'''
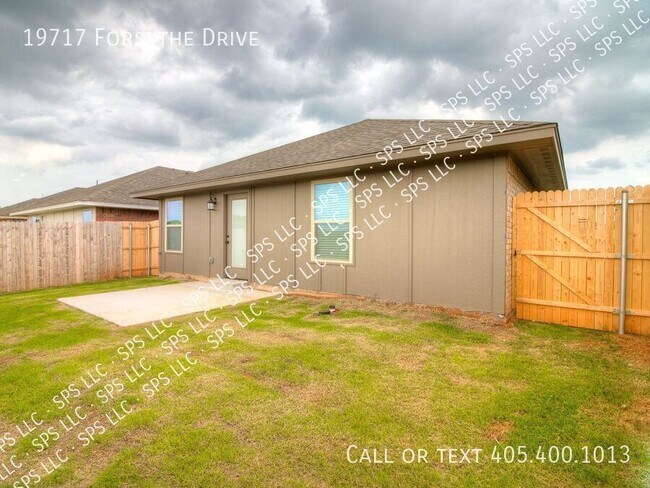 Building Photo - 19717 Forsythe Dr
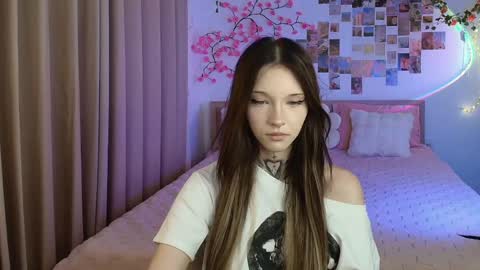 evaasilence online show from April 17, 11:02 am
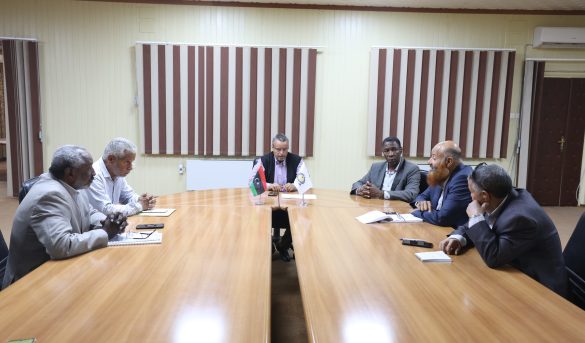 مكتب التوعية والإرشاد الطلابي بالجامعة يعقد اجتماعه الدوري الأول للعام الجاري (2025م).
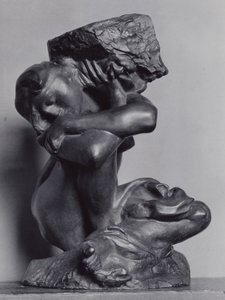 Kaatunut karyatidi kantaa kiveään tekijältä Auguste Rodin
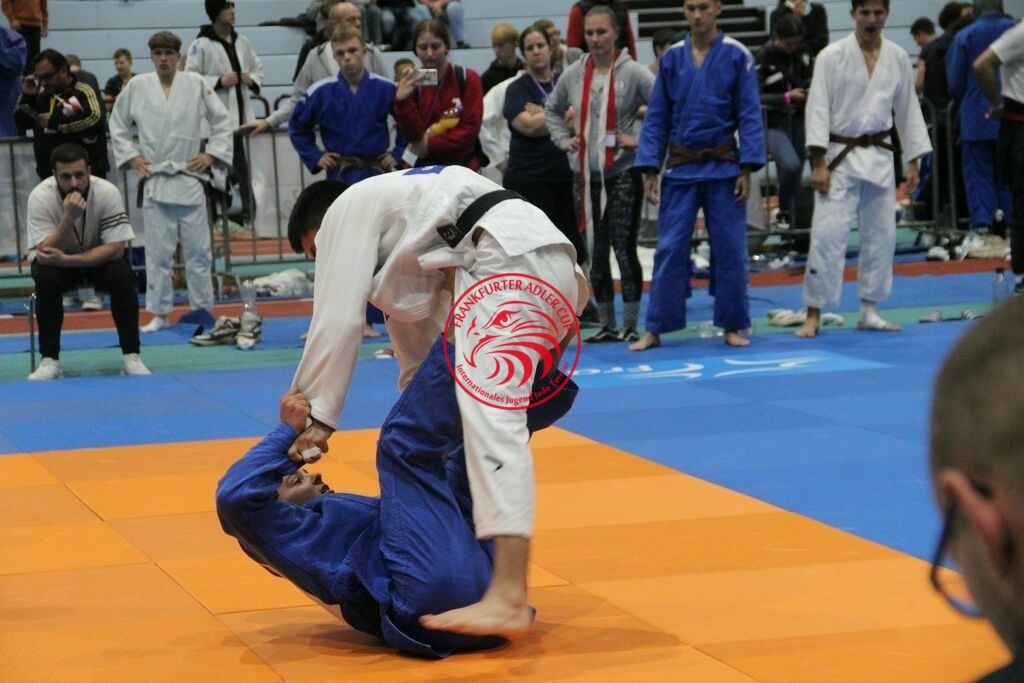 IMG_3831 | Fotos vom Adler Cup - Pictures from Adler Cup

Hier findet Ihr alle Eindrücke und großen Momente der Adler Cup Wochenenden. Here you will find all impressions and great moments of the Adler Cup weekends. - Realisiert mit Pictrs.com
'''
'''
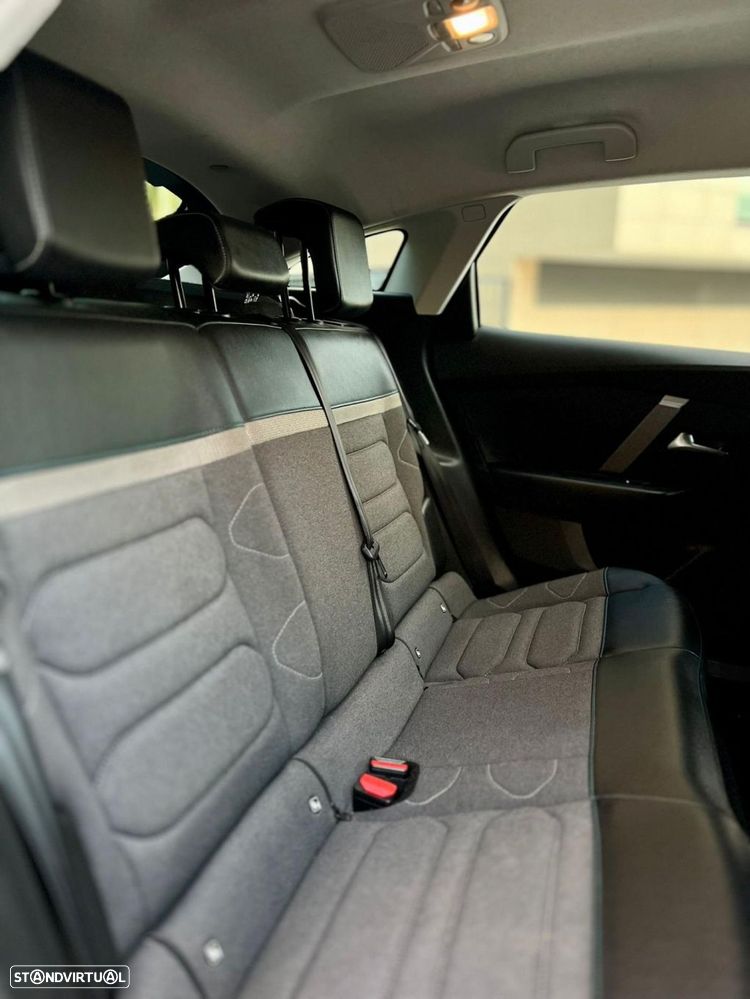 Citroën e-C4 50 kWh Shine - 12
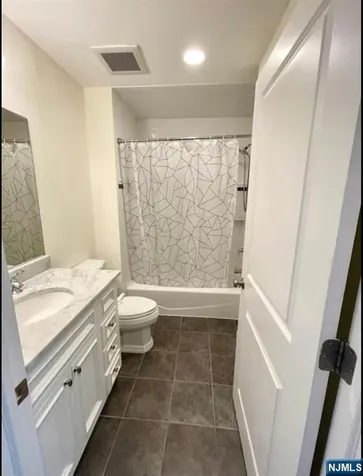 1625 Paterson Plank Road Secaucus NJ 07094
'''
(Work to complete) What you need to produce is an exact copy of the entries above, limited to the lines from the one with "Building Photo - 19717 Forsythe Dr" up to and including the one with "Hier findet Ihr", without pictures.

(Solution to the exercise)
 Building Photo - 19717 Forsythe Dr
 evaasilence online show from April 17, 11:02 am
 مكتب التوعية والإرشاد الطلابي بالجامعة يعقد اجتماعه الدوري الأول للعام الجاري (2025م).
 Kaatunut karyatidi kantaa kiveään tekijältä Auguste Rodin
 IMG_3831 | Fotos vom Adler Cup - Pictures from Adler Cup

Hier findet Ihr alle Eindrücke und großen Momente der Adler Cup Wochenenden. Here you will find all impressions and great moments of the Adler Cup weekends. - Realisiert mit Pictrs.com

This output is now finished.